敦親王再按捺不住,起家道:“皇上,華妃娘娘之事,本是皇上後宮家事,臣弟不敢插嘴。隻是華妃娘娘奉養皇上多年,未曾有過甚麼大錯,如有奉養不到之處,還望皇上念其多年伴駕諒解娘娘!”
果親王淡淡一哼,不再說話,隻是回到本身的位子上,悶頭喝酒。
雍正一下子挑起了興趣,問道:“昔日,純元皇後作‘驚鴻舞’的時候,你尚未入府,如何會有情腸可觸?”
曹朱紫起家含笑對雍正道:“皇上,你看嬪妾說得如何,莞朱紫公然是資質聰明,舞技絕倫,能作平凡人不能作之舞,想必這舞姿也不遜於當年的純元皇後吧?”
華妃福身答一聲“是”,含淚緩緩背誦道:“‘君情纏綿,深敘綢繆。

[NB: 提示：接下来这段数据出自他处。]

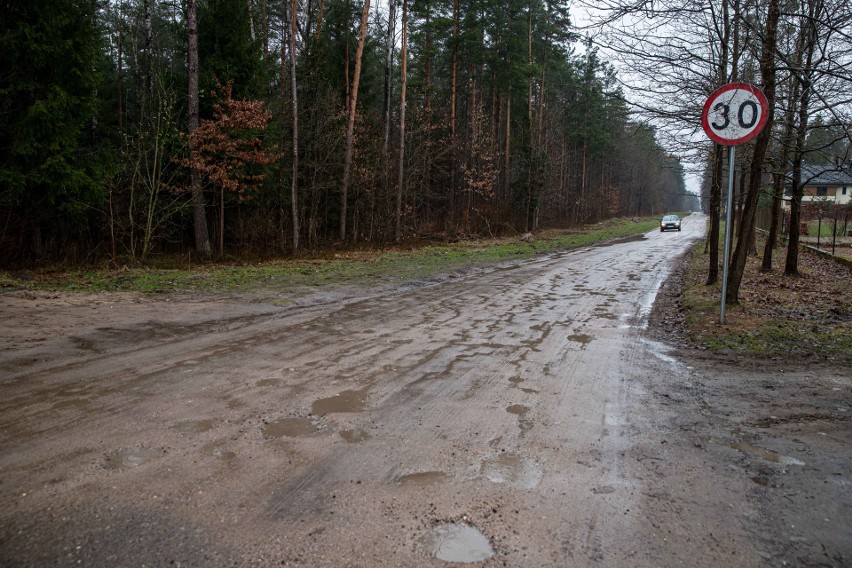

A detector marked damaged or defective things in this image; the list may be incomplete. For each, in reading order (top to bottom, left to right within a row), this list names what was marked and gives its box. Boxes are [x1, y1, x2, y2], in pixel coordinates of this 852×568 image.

pothole [424, 524, 492, 564] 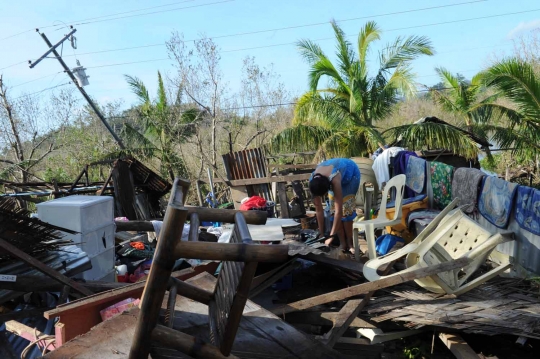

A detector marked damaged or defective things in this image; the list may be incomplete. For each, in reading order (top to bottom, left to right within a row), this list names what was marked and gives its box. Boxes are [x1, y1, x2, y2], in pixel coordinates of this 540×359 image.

broken wooden beam [115, 205, 266, 231]
broken wooden beam [0, 238, 93, 296]
broken wooden beam [272, 258, 470, 316]
broken wooden beam [438, 334, 480, 358] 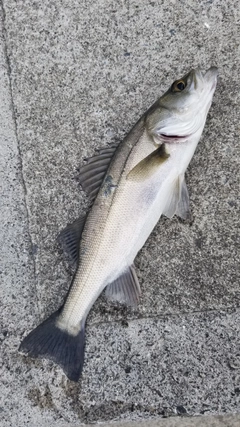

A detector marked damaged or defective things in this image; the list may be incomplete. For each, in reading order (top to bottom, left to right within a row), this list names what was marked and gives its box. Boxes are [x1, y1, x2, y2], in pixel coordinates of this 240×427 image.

誓山海而常在,似日月而無休。何如嫉色庸庸,妒氣沖沖。奪我之愛幸,斥我乎幽宮。思舊歡之莫得,想夢著乎昏黃。’臣妾常常讀到此處,都深感梅妃思君情長。”說道這裡,華妃臉上儘是傷情之態,聞者莫不感喟。
皇前麵露不悅之色,問道:“華妃,你是如何啦?這麼好的日子,你乾嗎要絕望啊?”
雍正朗聲一笑:“賞!”一聲賞下去,甄嬛和沈眉莊都得了很多貴重的珠寶錦緞,倒是安陵容收成很大,不但得了犒賞,還被晉封為常在。